(Given records begins)

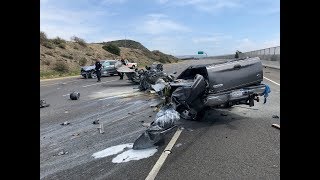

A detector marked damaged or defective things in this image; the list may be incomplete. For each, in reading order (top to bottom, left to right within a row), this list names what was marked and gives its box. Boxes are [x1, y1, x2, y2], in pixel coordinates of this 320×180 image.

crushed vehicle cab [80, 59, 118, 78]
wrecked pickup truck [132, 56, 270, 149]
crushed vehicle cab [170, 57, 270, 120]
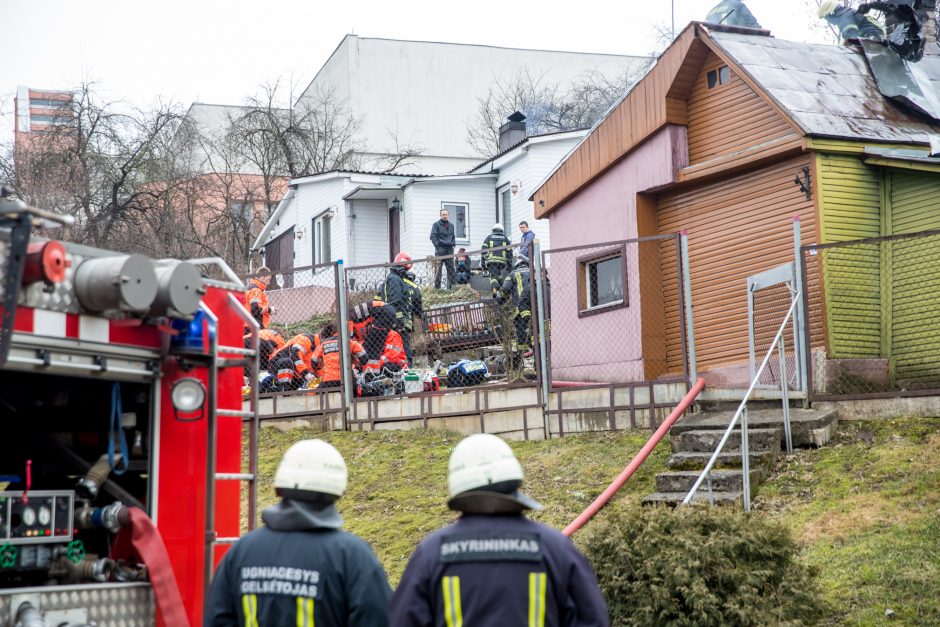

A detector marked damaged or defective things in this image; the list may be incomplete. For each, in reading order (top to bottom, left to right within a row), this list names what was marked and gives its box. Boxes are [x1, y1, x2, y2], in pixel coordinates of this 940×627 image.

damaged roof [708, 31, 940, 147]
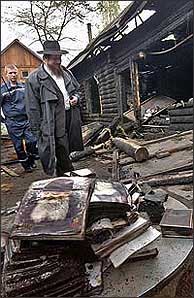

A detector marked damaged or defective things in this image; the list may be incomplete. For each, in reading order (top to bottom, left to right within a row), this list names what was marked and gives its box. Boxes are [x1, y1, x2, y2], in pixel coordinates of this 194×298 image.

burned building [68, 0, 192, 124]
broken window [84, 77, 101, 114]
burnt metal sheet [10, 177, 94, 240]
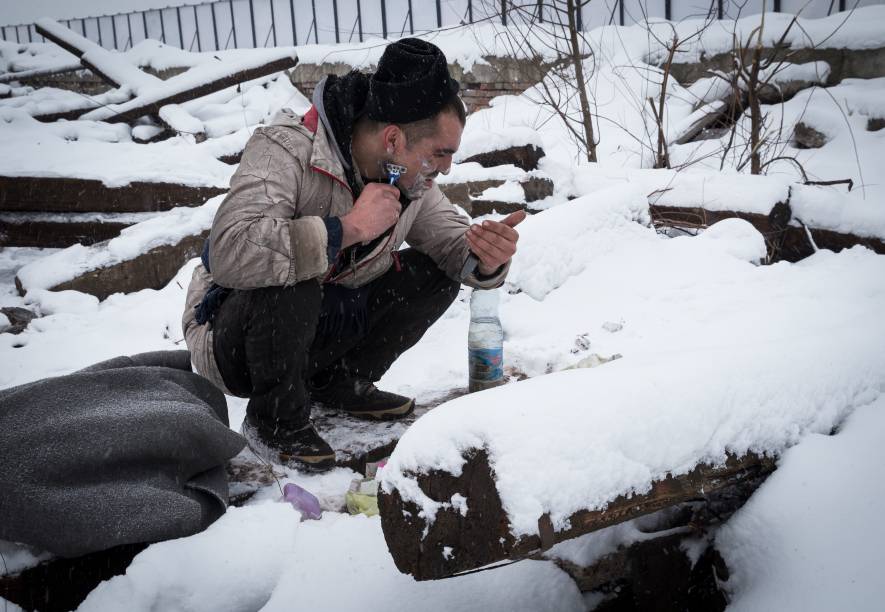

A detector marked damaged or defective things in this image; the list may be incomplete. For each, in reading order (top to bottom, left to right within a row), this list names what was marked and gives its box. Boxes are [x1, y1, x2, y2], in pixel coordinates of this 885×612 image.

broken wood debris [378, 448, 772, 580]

(Given records ends)

What needs to be done> One line above contains "this 885×612 image.". Output that line and each one after it, word for word, and nothing else.

Your solution>
A detector marked damaged or defective things in this image; the list may be incomplete. For each, in reading order (top to bottom, left to right within a row), this list names what was marked and gives its box. Boxes are [x1, y1, x2, y2], in pixel coordinates of this 885×612 image.

broken wood debris [378, 448, 772, 580]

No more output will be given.